11. Bölüm

20 1 23
                                    

Keyifli okumalar

Arabayı otelin önünde durdurduğum an kapının önünde bekleyen adam gözüme çarptı.

Olduğu yerde bir ileri bir geri ilerliyor, gözlerini etrafta gezdirerek beni bekliyordu. Bu kıyafetlerle arabadan inmek doğru bir seçenek olmasa da Mert'ten istersem boş telaşından ne kıyafeti ne de başka bir şeyi umursardı.

Yapacak bir şey yok diyerek arabadan indim. Uzakta olmasına rağmen bakışlarının anında beni buldu.

Ben ona doğru gidemeden onun bana doğru koşması ile olduğum yerde durdum. Kolları bedenime dolandığında yaralara değmemek adına sadece parmakları sırtıma değiyor, bir kuş yavrusu tutar gibi hiç baskı uygulamadan naifçe tutuyordu.

Henüz benim sarılmama bile fırsat vermeden benden ayrılıp gözlerini vücudumda gezdirdi. Kıyafetlerden dolayı göremediği her noktada bile gözlerinde ki acı katlanarak artıyordu.

"İyi misin kızım?" Sağ tarafa döndüğümde orada olduklarını gördüm. Adımları yanımıza gelince duraksadı.

"İyiyim Metin Bey."

"Eğer dayanabilirsen. Seni askeriye de tedavi edelim. Burada rahat edemezsin üstelik kimliğin yüzünden sorun da yaşarsın ama canın çok yanıyorsa?"

"Gerek yok. Beklerim ben."

"Bekleyemez." Yükselen sesini sonradan fark ederek sesini kıstı. "İç kanama riski var. Bekleyemez."

"Vurulmadım Mert. Bir tane bıçak yarası sadece." Alayla güldüğünde çattım.

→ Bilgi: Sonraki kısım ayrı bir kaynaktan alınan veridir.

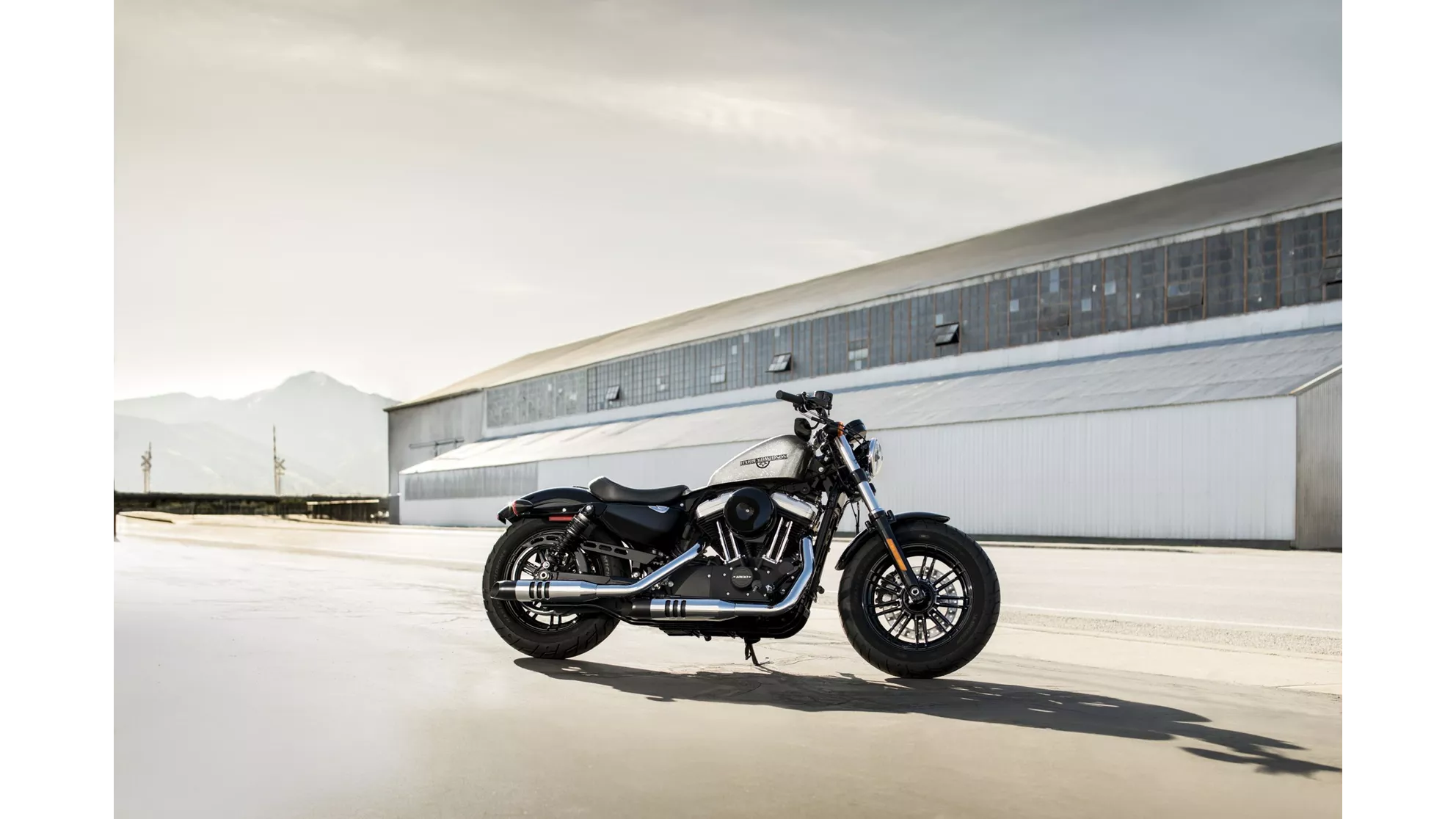 Harley-Davidson Sportster XL 1200X Forty-Eight - Image 3 Harley-Davidson Sportster XL 1200X Forty-Eight - Image 3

"Tabi. Sen alışıksın yaralanıp yaralanıp köşeye çekilmeye. Hastane yüzü gördüğün yok değil mi!?" Kaşlarım çatılırken bu konuyu burada tartışmak istemesem de konuşmadan edemedim.

"Önemsiz şeyler için hastaneye gitmeye gerek yok." Sinirli kahkahası duyulurken arkasını döndükten sonra tekrar yanıma yürüdü.

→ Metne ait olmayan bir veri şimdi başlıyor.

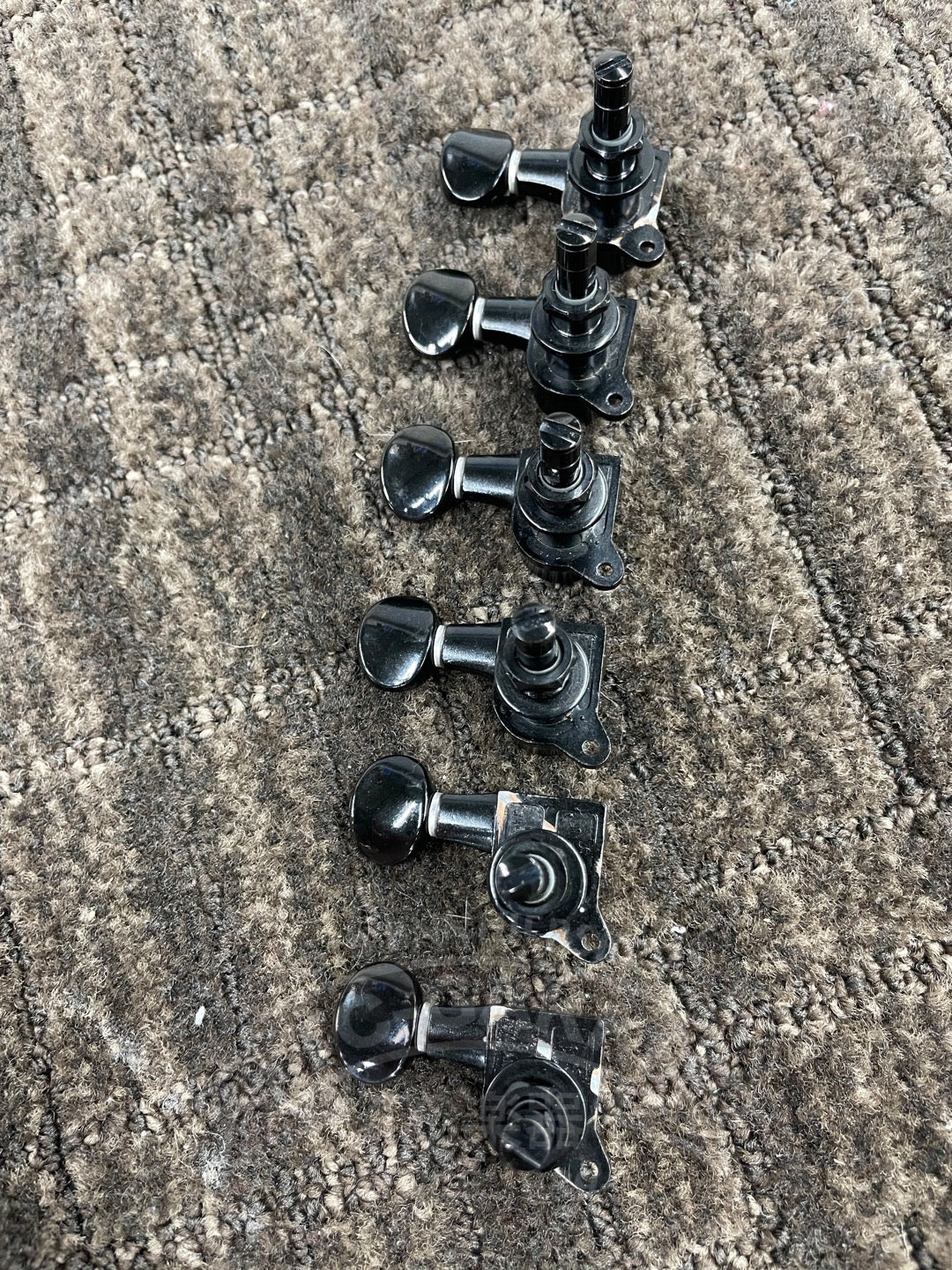 L6 Post Lock Black - TC楽器 - TCGAKKI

Sinir krizinin eşiğinde olduğu belliydi. Dişlerini sıkıyor, elleri ara sıra saçlarını çekiştiriyordu.

"Omzunda ki kurşun mu önemsizdi yoksa kalbinin hemen altına saplanan bıçak mı!?" Bu sefer kendini tutmayarak bağırmaya başladığında sakin kalmak için derin bir nefes aldım.

Olası bir krizin gerçekleşmemesi için sakin kalmaya çalışıyordum ana zordu. Kendimi biraz daha zorlayarak sesimi kısık tuttum.

"Bağırma."

"Ölebilirdin lan sen! Biraz daha yetiştirmeseydim kolunu da kesebilirlerdi. Hâlâ önemsiz diyorsun. Bu sefer kolay atlatmış olman bir şeyi değiştirmez."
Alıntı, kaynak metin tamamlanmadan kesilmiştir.